Measure 2J deletes odious language in the city’s charter that Aurora voters were hoodwinked into in 1999 by outstate interests and other carpetbaggers.
In the late 1990s, Aurora caught the attention of international racing officials, eager to get a part of the growing Front Range market. Aurora played with the idea of luring a NASCAR track to vast tracts of empty land east of the city. At the same time, out-of-state and regional interests had opened the Pikes Peak International Raceway, miles south of Colorado Springs. It was an ill-conceived, ill-timed and sputtering racetrack project doomed to fail.
Eventually, it did just that, but not before that track’s owners pulled off a nefarious political stunt in Aurora. Owners of the track sought out two “local residents” to create a ballot initiative that would prevent Aurora from providing tax incentives or any “financial” assistance to any racing industry projects. In effect, it banned Aurora from allowing racing interests into the city. Track owners bankrolled a huge campaign to persuade off-year voters to keep from spending tax money on racetracks. It was a sham that made no sense on several levels, but unobservant voters fell victim to the ploy as critics were wildly outspent by Colorado Springs interests.

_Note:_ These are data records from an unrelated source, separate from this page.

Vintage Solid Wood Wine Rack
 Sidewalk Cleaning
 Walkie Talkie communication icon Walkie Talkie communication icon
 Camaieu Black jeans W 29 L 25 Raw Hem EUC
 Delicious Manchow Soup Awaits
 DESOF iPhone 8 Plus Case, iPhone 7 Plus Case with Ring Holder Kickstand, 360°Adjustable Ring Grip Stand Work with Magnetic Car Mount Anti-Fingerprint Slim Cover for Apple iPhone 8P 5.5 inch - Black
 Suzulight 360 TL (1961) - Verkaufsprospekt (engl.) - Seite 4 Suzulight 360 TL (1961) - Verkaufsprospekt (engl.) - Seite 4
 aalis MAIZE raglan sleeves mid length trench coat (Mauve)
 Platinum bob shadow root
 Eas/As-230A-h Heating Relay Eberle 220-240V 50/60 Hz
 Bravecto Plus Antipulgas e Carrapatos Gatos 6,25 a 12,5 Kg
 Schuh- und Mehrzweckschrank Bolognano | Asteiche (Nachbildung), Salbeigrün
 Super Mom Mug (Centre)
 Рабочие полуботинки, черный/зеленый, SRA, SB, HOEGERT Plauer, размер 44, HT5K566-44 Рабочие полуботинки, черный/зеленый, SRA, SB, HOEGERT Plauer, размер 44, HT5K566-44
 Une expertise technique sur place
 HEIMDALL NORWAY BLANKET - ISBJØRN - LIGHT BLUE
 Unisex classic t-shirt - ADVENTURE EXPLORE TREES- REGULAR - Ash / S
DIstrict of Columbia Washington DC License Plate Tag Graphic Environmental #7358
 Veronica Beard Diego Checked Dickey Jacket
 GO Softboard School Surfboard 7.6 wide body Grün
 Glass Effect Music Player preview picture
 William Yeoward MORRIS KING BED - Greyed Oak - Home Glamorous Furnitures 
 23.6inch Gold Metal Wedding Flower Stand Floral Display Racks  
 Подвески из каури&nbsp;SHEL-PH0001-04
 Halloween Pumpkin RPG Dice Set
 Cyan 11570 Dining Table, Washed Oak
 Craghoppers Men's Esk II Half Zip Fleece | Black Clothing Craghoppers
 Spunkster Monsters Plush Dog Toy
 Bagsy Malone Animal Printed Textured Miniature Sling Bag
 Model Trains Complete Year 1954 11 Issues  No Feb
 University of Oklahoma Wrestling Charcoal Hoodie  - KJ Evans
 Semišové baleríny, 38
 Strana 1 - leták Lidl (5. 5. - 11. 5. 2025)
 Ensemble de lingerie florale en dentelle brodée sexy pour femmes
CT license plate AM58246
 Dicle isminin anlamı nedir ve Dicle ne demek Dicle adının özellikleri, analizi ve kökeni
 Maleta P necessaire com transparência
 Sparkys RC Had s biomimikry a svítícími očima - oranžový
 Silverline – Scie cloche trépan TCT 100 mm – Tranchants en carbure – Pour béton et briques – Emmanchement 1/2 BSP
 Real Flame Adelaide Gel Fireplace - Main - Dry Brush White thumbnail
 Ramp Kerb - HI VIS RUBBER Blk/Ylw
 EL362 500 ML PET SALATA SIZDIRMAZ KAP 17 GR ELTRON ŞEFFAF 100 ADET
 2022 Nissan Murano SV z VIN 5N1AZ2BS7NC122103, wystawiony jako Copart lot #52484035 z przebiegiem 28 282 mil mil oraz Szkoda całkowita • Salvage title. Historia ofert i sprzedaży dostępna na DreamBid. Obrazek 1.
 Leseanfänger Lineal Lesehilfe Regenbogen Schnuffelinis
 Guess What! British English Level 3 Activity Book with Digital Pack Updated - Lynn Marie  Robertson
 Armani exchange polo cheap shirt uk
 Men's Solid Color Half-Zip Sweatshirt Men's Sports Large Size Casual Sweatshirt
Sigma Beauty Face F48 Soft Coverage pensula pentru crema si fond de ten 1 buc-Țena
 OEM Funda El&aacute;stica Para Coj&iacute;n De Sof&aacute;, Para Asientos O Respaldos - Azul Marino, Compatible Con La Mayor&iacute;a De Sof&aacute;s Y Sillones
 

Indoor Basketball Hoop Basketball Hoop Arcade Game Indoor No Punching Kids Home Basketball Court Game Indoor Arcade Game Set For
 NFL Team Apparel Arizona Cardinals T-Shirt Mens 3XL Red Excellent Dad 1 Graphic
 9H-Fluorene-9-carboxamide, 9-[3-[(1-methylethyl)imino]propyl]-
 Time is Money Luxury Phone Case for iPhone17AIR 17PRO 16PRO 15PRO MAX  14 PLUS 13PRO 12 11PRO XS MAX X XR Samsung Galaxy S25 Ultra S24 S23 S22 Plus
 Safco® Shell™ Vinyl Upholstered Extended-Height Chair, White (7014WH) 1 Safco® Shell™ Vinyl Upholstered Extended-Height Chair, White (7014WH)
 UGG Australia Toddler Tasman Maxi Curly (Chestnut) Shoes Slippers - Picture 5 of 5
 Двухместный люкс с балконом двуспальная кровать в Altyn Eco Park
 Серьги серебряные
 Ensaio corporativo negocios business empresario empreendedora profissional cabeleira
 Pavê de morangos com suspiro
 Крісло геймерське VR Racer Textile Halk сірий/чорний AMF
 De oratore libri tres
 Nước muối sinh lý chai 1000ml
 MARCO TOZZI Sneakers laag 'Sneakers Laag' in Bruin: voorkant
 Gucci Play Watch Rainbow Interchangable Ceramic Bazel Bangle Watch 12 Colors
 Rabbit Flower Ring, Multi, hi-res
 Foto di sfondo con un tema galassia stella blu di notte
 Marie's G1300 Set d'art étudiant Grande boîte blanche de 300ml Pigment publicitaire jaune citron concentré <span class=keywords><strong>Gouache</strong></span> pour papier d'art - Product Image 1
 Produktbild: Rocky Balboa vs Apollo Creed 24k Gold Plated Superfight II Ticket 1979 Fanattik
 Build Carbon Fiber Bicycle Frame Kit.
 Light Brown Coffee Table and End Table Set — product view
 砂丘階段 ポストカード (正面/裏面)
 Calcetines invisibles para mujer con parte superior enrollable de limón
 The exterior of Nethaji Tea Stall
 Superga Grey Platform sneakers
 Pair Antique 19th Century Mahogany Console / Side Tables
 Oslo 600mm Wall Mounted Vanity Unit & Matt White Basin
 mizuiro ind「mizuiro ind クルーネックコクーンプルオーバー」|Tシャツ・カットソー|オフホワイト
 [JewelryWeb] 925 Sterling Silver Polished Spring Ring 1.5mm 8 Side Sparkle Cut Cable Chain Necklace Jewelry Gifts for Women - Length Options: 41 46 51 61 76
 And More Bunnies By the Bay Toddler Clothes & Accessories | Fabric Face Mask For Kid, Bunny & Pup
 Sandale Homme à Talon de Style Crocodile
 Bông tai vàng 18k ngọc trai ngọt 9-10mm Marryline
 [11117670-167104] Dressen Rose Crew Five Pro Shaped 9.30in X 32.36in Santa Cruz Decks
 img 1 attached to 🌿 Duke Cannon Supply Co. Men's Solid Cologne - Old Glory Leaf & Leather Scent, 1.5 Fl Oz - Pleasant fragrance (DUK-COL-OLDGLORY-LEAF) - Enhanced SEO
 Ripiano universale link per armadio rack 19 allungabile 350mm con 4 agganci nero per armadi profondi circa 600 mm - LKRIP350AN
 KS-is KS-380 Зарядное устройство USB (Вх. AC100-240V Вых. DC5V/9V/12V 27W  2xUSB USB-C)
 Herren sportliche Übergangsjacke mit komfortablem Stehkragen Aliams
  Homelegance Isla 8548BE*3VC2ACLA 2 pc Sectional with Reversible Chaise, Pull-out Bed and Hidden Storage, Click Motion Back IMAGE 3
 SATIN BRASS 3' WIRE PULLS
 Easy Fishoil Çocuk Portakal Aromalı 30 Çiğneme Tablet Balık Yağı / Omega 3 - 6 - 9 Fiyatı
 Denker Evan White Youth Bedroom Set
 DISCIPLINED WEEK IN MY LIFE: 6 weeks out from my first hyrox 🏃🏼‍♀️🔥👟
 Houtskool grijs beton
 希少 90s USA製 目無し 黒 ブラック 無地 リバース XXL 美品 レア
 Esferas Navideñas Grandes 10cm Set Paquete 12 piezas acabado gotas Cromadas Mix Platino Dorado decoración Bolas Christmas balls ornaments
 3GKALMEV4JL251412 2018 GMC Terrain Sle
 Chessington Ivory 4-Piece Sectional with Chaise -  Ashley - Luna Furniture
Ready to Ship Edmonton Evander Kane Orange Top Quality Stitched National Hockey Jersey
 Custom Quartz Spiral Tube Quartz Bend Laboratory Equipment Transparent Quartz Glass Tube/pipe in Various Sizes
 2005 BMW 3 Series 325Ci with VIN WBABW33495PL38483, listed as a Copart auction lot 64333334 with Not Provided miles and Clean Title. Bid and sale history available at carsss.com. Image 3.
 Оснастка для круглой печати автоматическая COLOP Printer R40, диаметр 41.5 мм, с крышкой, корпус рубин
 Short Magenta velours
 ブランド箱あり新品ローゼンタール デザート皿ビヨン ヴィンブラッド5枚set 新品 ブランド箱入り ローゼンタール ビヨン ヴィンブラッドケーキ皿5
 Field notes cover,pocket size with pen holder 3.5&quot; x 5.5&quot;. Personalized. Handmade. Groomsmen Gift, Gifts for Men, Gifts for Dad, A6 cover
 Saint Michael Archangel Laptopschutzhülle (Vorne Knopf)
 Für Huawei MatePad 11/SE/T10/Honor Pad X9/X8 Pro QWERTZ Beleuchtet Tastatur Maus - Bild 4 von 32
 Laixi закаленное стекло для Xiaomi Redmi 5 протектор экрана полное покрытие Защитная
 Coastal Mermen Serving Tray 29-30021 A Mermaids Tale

The ban passed, which is the only such ban on any kind of industry or tax incentives in Aurora. Since then, the Colorado Springs racetrack has become a near-vacant eyesore in the middle of nowhere.
Now it’s time to fix the mess these racetrack carpetbaggers left in Aurora. NASCAR isn’t knocking at the door, but with the Colorado and metro economy steaming to the front of the pack across the nation, any expansion of the racing giant’s program would be wise to find a home here. And Aurora and the metro area would benefit hugely from a project similar to that in Kansas City, Kan.
Measure 2J isn’t a referendum on racing expansion, it’s just a housekeeping measure that takes a absurd and deceitful ordinance imposed on the city off the books for good. The city’s charter should never be a place for decisions that should be made on their merits by elected representatives.
And 2J as a benefit does clear the track should NASCAR or another racing interest come knocking. That’s when decisions involving this or other economic development should be made by city legislators under full public scrutiny, not in advance by competing, far-away interests. Vote “yes” on 2J.